The Panic of 1819: Reactions and Policies
- Author: Murray Rothbard
- Language: English
- Subject: History
- Published: 1962
- Publisher: Columbia University Press
- Publication place: United States
- ISBN: 9780231939102
- OCLC: 468595119

= The Panic of 1819 (book) =

Book by Murray Rothbard

The Panic of 1819: Reactions and Policies is a 1962 book by the economist Murray Rothbard, in which the author discusses what he calls the first great economic crisis of the United States.
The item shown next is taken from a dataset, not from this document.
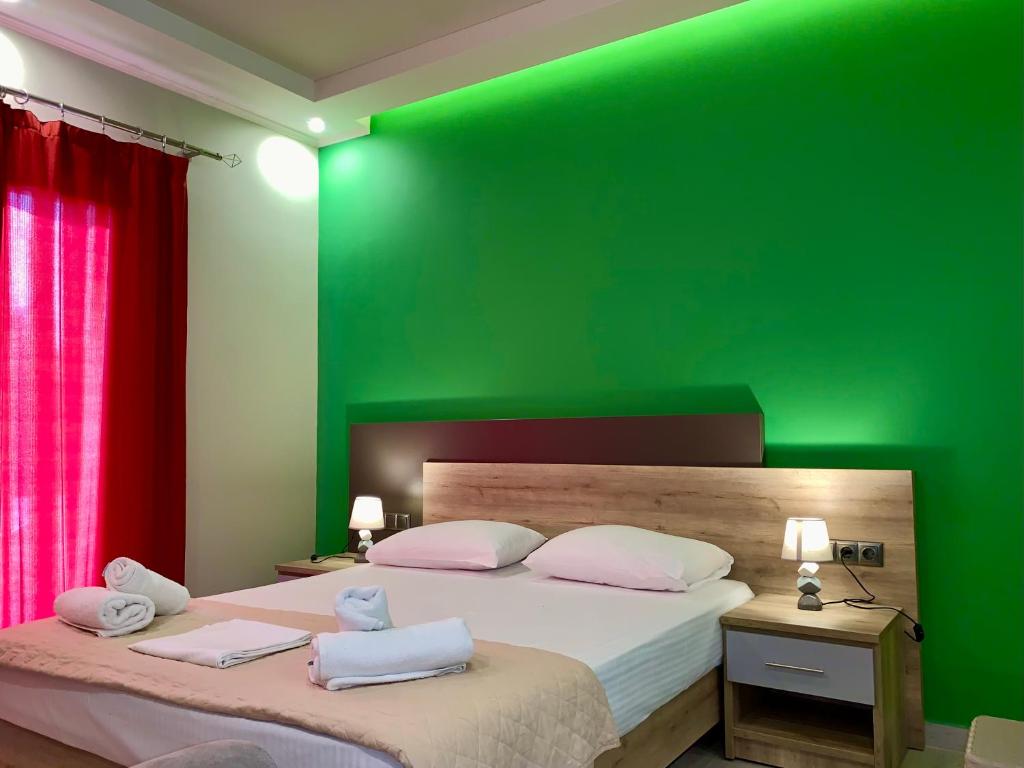 sypialnia z zieloną ścianą i łóżkiem z 2 poduszkami w obiekcie Elia Beach Apartments Vrachos w mieście Loutsa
The book is based on his doctoral dissertation in economics at Columbia University during the mid-1950s.

==Summary==
During the 19th century some observers believed that the panic originated within the economic system itself, since the event could not be readily attributed to any specific event, as had some previous crises. Rothbard, however, states that the Panic of 1819 arose from developments related to the War of 1812 and the postwar prosperity that followed. The outbreak of war stifled foreign trade and spurred the growth of domestic manufacturing, which grew to fill the demand previously met by imports. The government borrowed heavily to finance the war. Rothbard alleges that this led to a credit expansion which in turn led to rising prices. Rothbard's book provides a narrative of these events.

==Reception==
The book had at least seven reviews which included both praise and criticism.

In a 1990 interview in The Austrian Economics Newsletter Rothbard was asked about the reception to the book and said it was well received, "In fact, much better than any other of my books. Maybe that's because I didn't analyze the causes. I only wrote about how people wanted to cure it."

== Publishing history ==
- New York: Columbia University Press, 1962.
- New York: AMS Press, 1973. ISBN 0-404-51605-X.
- Auburn, Alabama: Ludwig von Mises Institute, 2002. Web-based PDF file prepared by William Harshbarger.
- Auburn, Alabama: Ludwig von Mises Institute, 2007. ISBN 978-1-933550-08-4.